İklim krizi birçok siyaset için merkeziyet kazanırken, sermayenin ‘yeşil yatırımlar’la krizi fırsata çevirmesi sonucu derinleşecek sorunlara veya ortaya çıkabilecek yeni türden çelişki ve çatışmalara karşı hazırlıklı olunması gerektiği konusundaki uyarılar da önem kazanıyor. İki ay kadar önce buraya taşıdığım makalesinde Nancy Fraser, solun çevre-aşırı ekopolitik bir sağduyu geliştirmesinin önemine işaret ediyordu. Fraser, çevreci kılığında süren toprak çitlemenin yeni biçimlerinin, iklim rejiminin piyasa merkezli ve sermaye dostu kalmasını sağlamayı hedeflediğine dair uyarıyordu. Sermayenin bu türden hamlelerinin, gerek emek süreçleri gerekse de kırsalın ve kentlerin yönetimine dair bir dizi sorunu derinleştirmeye ve büyütmeye yarayacağı ilk bakışta karşımıza çıkacak sorunların bazı boyutları olarak düşünülebilir.

***

Sermaye hareketlerinin olası etkilerini daha iyi görebilmek için küresel ekonominin yönelimini ve bunun yerel anlamlarını ayırt etmek, irdelemek gerekiyor. Yeşil olacağı vaadiyle toplumun ikna edilmeye çalışıldığı dönüşüm sürecinde, emeğin yeniden nasıl çitleneceğine ve piyasanın toplumsal kontrolü nasıl sağlayabileceği üzerine düşünmek gerekiyor. Elbette, bu spekülasyona izin vermeyecek politikaların geliştirilmesi, tüm bunları gören etraflıca bir tartışma sürecini de gerektiriyor.

***

G7 zirvesinde de dile getirilen karbonsuzlaşma politikaları burada önemli bir tartışma başlığı olarak kendini gösteriyor.
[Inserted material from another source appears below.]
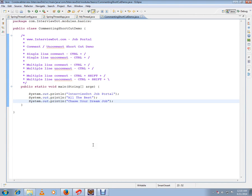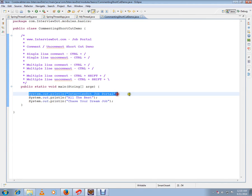This video is from interview.com. In this video I'm going to talk about how to comment and uncomment Java code in Eclipse using some shortcuts. For example, if you want to comment a single line, you can select this line and press Ctrl+/ and it will be commented. This is single-line commenting.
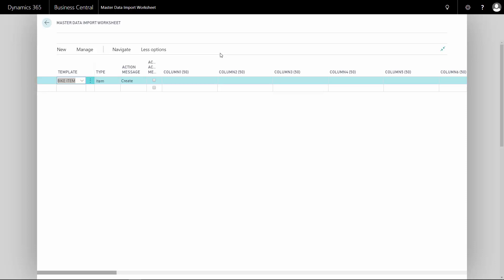With Master Data Import Worksheet, you can define your own templates for how to import data into the system, meaning defining all the columns you want to import to. But with the standard setup from Supply Chain Box, we have made a lot of templates for you to make it easier. I'll just explain how those templates look.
Yeşil yatırımlar biçiminde çerçevelediğim sorun “yeşil işler” ve “adil geçiş” gibi adlandırmalar etrafında sürüyor. Buna göre adil geçişi sağlayacak yeşil işler, sermayedarların iklim krizini çözmek için öne sürdükleri ve yüksek maliyetli olan kömür santrallerinin kapatılması gibi süreçlere dayanan karbonsuzlaşma politikaları ile birlikte ortaya çıkacak işsizliğe bir çözüm olarak sunuluyor. Buradaki temel çelişki yeşil yatırımların iklim krizinin önemli bir etkeni ve ekoloji hareketlerinin de birincil gündemi olan ekosistemin sermaye tarafından kâr elde etme anlamında bir verimliliğin kaynağı olarak kullanılan projeleri kapsıyor olması.

***

Geçtiğimiz hafta düzenlenen “Türkiye’de Madenciliğin Politik Ekolojisi” başlıklı webinarda sunum yapan Aykut Çoban da buna değiniyordu. Karbonsuzlaşma sürecinde işsiz kalanlara iş yaratılacağı, tazminat verileceği, emeklilik hakkı verileceği ya da mesleki eğitim verileceği biçiminde tarif edilen adil geçişin, yapısal sorunlar olan toplumsal eşitsizlikler ve ekolojik adaletsizliklere yanıt veremeyeceğini söylüyordu. Dahası Çoban, bunun, kapatılacak madenlerde çıkabilecek ayaklanmaları önlemeye yarayabileceğini söylerken ekosistemin tahribatına dayanan yenilenebilir enerji yatırımlarının, yeni istihdam alanı olarak tarif edilmesi sonucunda ekoloji mücadelesi ile yeşil işlerde istihdam edilecek işçileri karşı karşıya getirebileceğine dair uyarıyordu. İşçi sendikaları ve çevreci kitle örgütlerinin şimdiden olumlu yaklaştığı gözlemlenen bu yeşil işlere karşı, emek ekoloji mücadelelerinin hazırlıklı olup kendi programını oluşturmasının önemine işaret ediyordu.

***

Tüm bu tartışma sürerken, Antalya’nın Korkuteli’ne bağlı Dereköy Yaylası’nda bir kömür madeni açılmaya çalışıldığını da unutmayalım. Yöre halkının, köylülerin madene karşı aylardır mücadelesini sürdürdüğünü ve Çevre ve Şehircilik İl Müdürlüğü’nün “ÇED kararı gerekli değildir” demesi üzerine kadınların dava açtığını da… Köylü kadınların, kömür madeni açılması planlanan bölgedeki sudan beslenen kayısı ve kirazları üreterek geçimlerini sağladıklarını da. Nihayet bunlar bana Soma havzasında yaşanan dönüşümü anımsatıyor. Tütün üreticilerinin madenlerde çalışmaya sürüklenmesiyle ortaya çıkan işçileşme sürecini yani. Fraser’ın da Çoban’ın da dediği gibi hazırlıklı olmak için geçmiş deneyimlere de bakmak gerekli görünüyor.